We arrived at that conclusion by looking, initially, at just one simple fact: the number of pages in the USTR’s NTE reports have been slowly rising over the years. The 2009 report, for example, ran a grand total of 547 pages, while the latest report runs an impressive 574 pages.

It is worth noting that at least a couple of recent reports have dipped below 500 pages (for example, the 2017 report ran 492 pages), but it certainly appears that the long-term trend is for more trade barriers to be erected, and few if any to be dismantled.

Another way to look at how trade barriers don’t seem to be decreasing is to check out how many countries or regions (such as the European Union or Southern African Customs Union) are covered by these USTR reports.
The 2009 report included 63 countries, ranging from Angola to Vietnam, while the 2021 report includes 65 countries, ranging from Algeria to Vietnam.

Yet another interesting way to look at the lack of progress in reducing trade barriers is to compare what was said a decade or more ago with what is being said today. What follows are two quotes, one from the 2009 NTE report and the other from the 2021 report. We’ll run the old quote first, but frankly, it almost seems like these observations are interchangeable, and frustratingly consistent.

Here’s the observation from 2009: “Despite the generally positive character of the US-EU trade and investment relationship, US exporters and investors in some sectors face chronic barriers to entering or expanding their presence in the EU market. A number of these barriers have been highlighted in this report for many years, persisting despite repeated efforts to resolve them through bilateral consultations or, in some cases, the dispute settlement provisions of the WTO.”

And here’s the observation from this year’s report: “US exporters and investors nonetheless face persistent barriers to entering, maintaining, or expanding their presence in certain sectors of the EU market. This report highlights some of the most significant barriers that have endured despite repeated efforts at resolution through bilateral consultations or World Trade organization dispute settlement.
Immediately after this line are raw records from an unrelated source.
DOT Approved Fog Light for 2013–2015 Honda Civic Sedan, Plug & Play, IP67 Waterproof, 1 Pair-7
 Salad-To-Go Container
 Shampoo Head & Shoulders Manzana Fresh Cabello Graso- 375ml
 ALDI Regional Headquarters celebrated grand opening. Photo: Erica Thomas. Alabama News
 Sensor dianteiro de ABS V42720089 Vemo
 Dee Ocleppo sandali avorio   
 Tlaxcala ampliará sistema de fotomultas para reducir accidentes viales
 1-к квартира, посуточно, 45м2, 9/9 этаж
Certain barriers have been highlighted in this report for many years.”

One notable change between the 2009 and 2021 NTE reports, at least when it comes to issues with the EU, is how many more dairy-specific barriers there are now compared to back in 2009.

In the 2009 NTE report, the chapter on EU trade barriers runs some 33 pages, including almost 10 pages devoted to agricultural issues ranging from beef to bananas, but dairy issues specifically aren’t mentioned.
About the closest the report comes to mentioning dairy is a paragraph about geographical indications, in the section on intellectual property rights.

How much have things changed as far as EU trade barriers since that 2009 NTE report? For one thing, the chapter on EU trade barriers in the 2021 report runs 50 pages, or almost 20 pages more than the 2009 report.

Also, dairy products are specifically mentioned in at least two sections in the EU chapter, one on how EU certification requirements are limiting US agricultural exports such as dairy products, the other on how the EU’s somatic cell count requirements add unnecessary costs for US dairy exporters without apparent scientific justification.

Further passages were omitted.